The majority of Graham’s fans discovered him through his hard rock material perhaps, unaware of his musical roots. “I just like to sing,” he offers. “I like what I did in the past; from the 60s when me and my cousin were called The Marbles, and had our first song ‘Only One Woman’ come out (1968, written specifically for The Marbles by The Bee Gees). That’s more like me than a lot of the stuff that I do now. It’s all me, but you know what I mean. It’s probably something, because that’s how I started. I’d like to go back to the roots of my musical career.”

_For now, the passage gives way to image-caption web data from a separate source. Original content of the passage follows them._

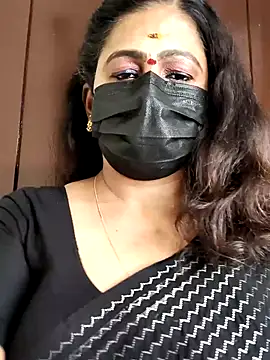 Snapshot of Sweetie_swetha37 chatting on 09.30.25 Sweetie swetha37 online show from 09.30.25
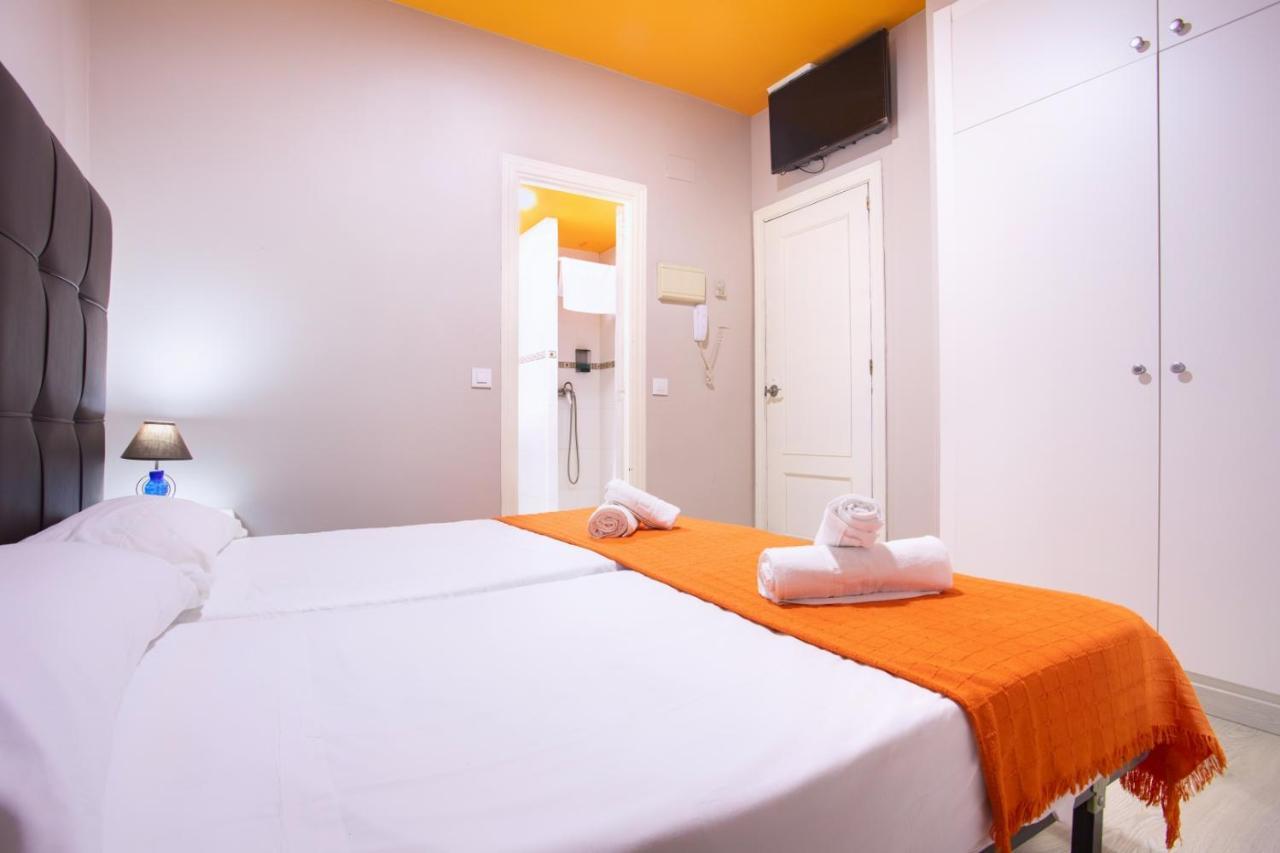 Hostal Ciudad Jardin Малага Екстериор снимка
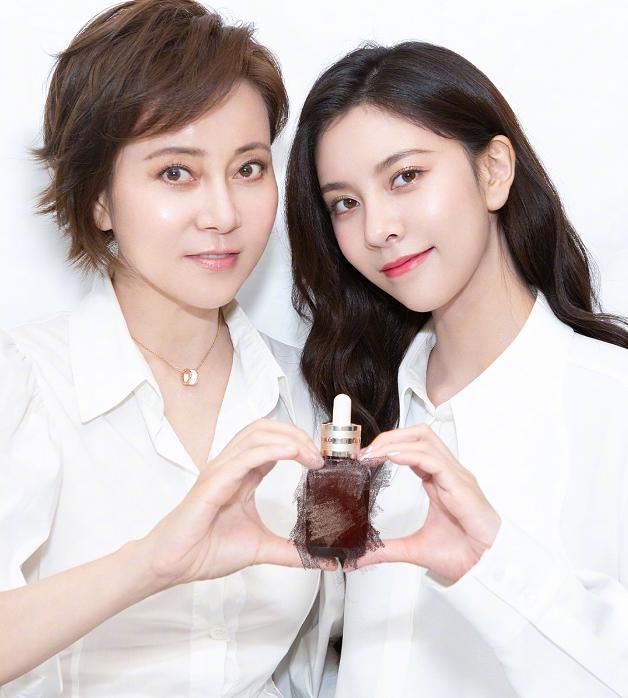 宋妍霏|看宋妍霏的妈妈才明白，金钱决定一个女人的气质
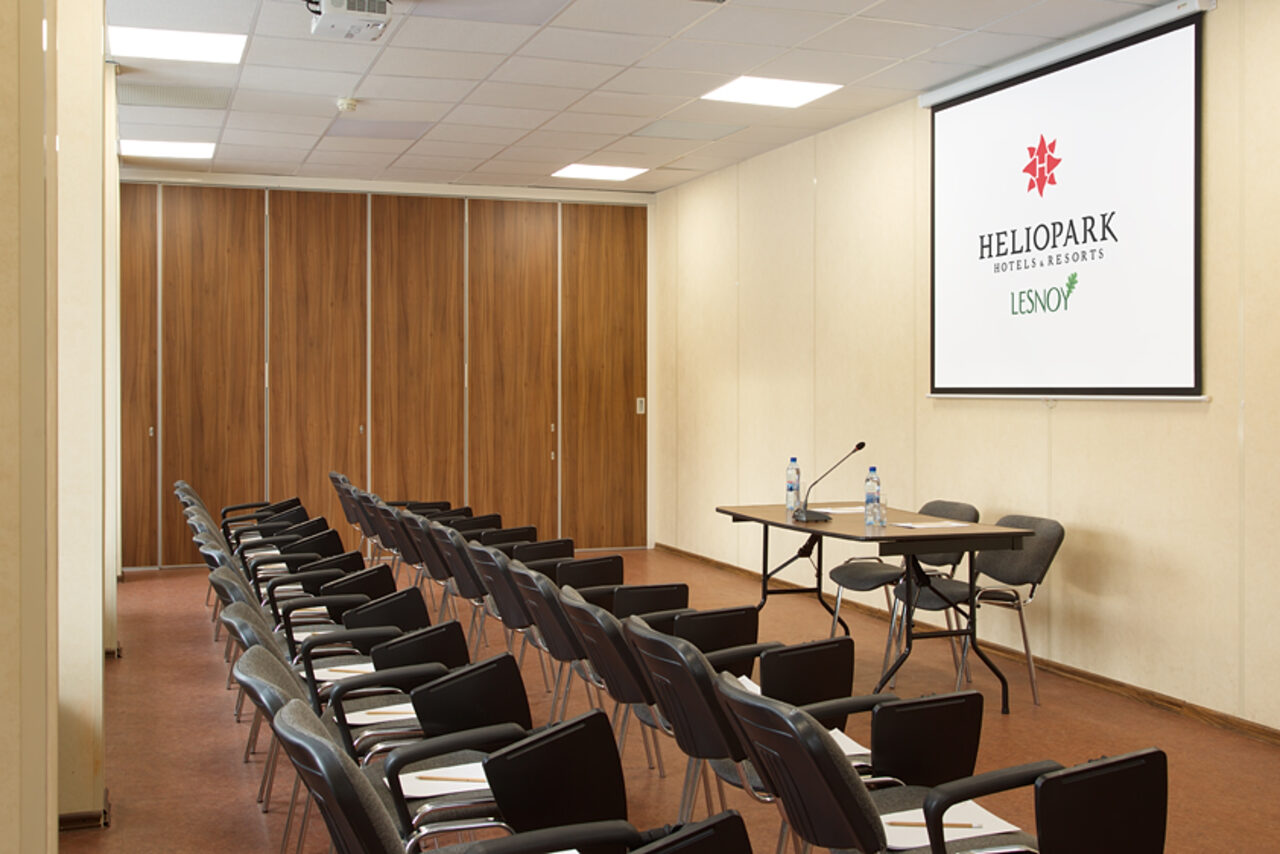Арендовать HELIOPARK Lesnoy конференц-зал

Lighter musical endeavours aside, heavier propositions are being crafted as part of the Graham Bonnet Band’s second studio platter. “Oh yeah, absolutely,” the vocalist clarifies. “I have no titles, so I can’t tell you what they’re called, but I have arrangements. I’m always working, every day. I play, and think of songs and chord sequences all the time. I have always got something going on in my mind.”

A potential release date has been pencilled in, as well. “Middle of 2017, I hope, to follow up this one,” Graham outlines. “I have started that process; I have started doing things and getting ideas for titles of songs, which I haven’t settled on yet. I hope by next summer, though.”

The Book was released on November 4th, 2016 via Frontiers Music Srl.

Interview published in November 2016. All promotional photographs by Alex Solca.